▶ **EXERCISE AIM**
Pictures are to be left out; every line from the one with "선진 증시(유럽/일본)" through the end of the data must be transcribed exactly.

BEGIN GIVEN MATERIAL

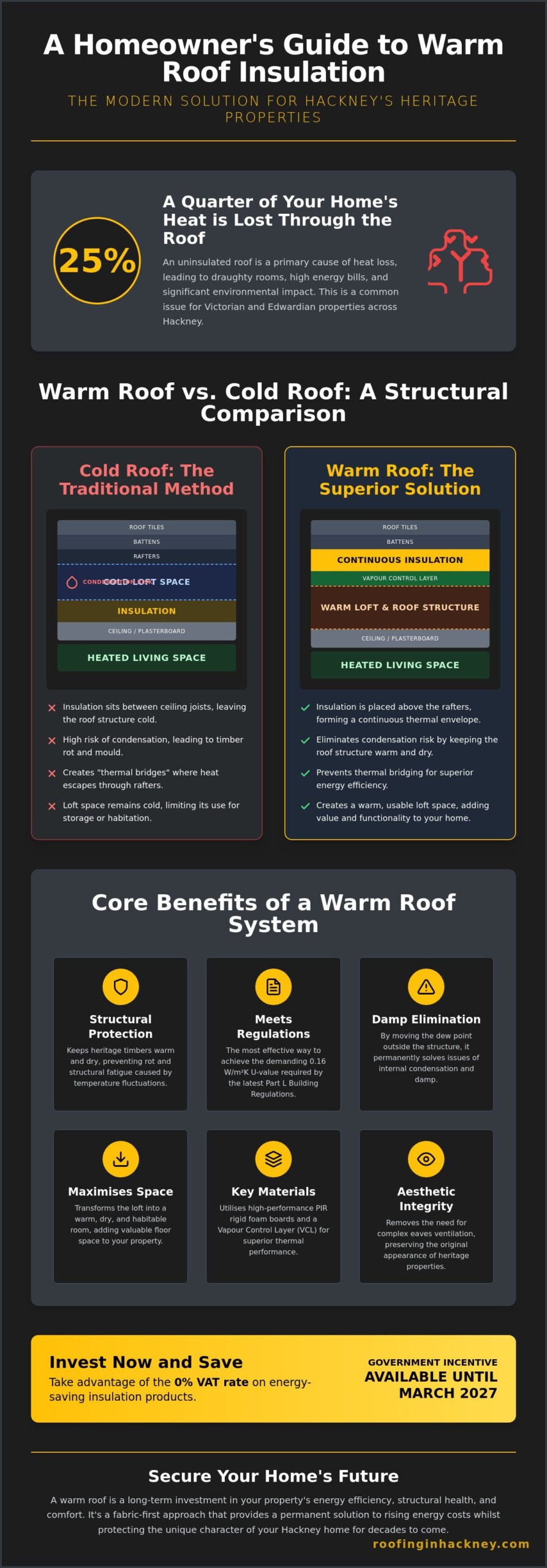 Warm Roof Insulation Hackney: The Complete Guide to Thermal Upgrades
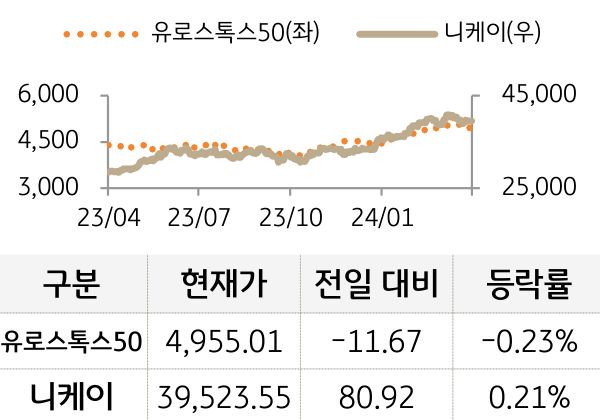 선진 증시(유럽/일본)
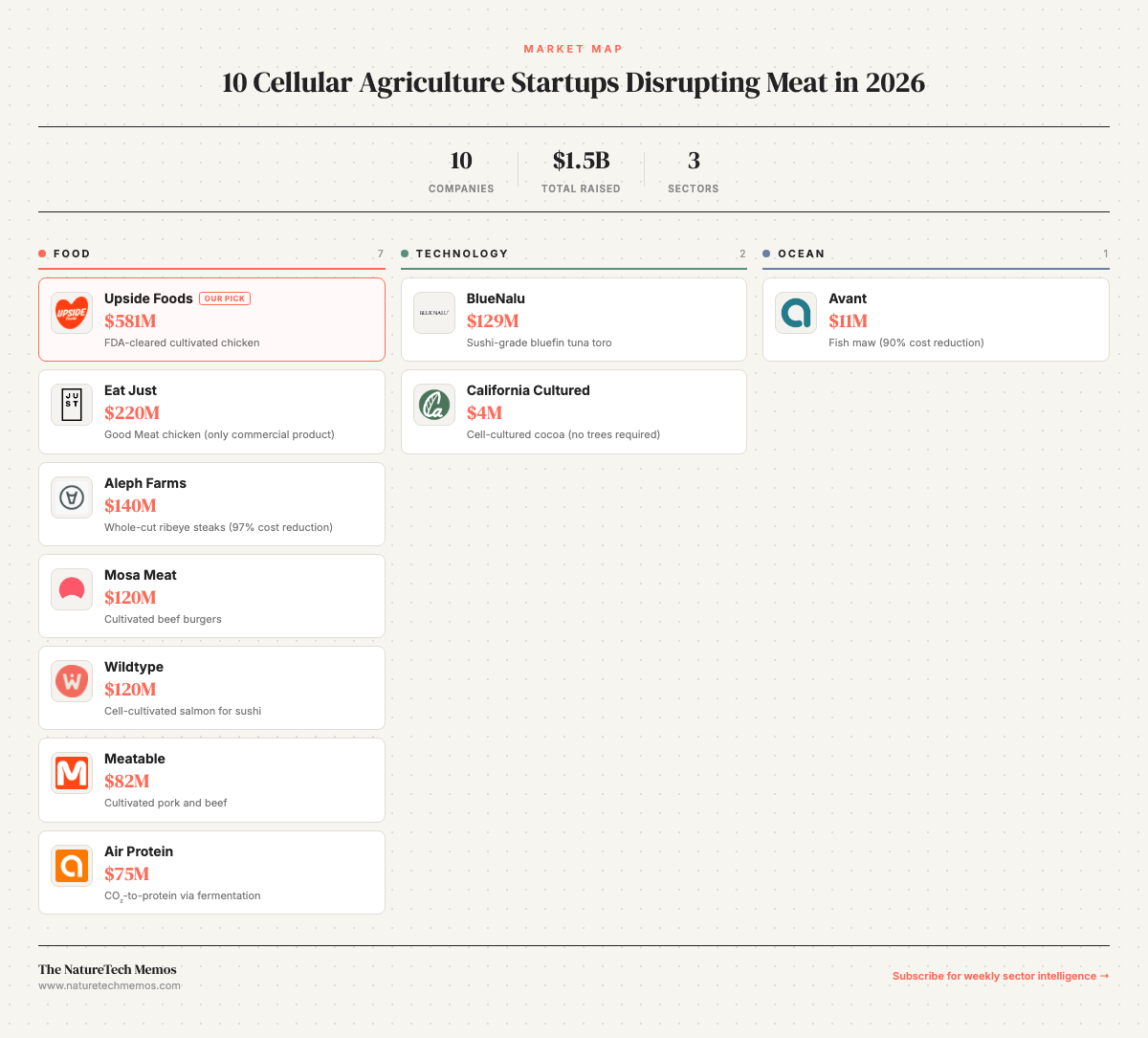 Top 10 Cellular Agriculture Startups in 2026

END GIVEN MATERIAL

▶ **REPLY**
 선진 증시(유럽/일본)
 Top 10 Cellular Agriculture Startups in 2026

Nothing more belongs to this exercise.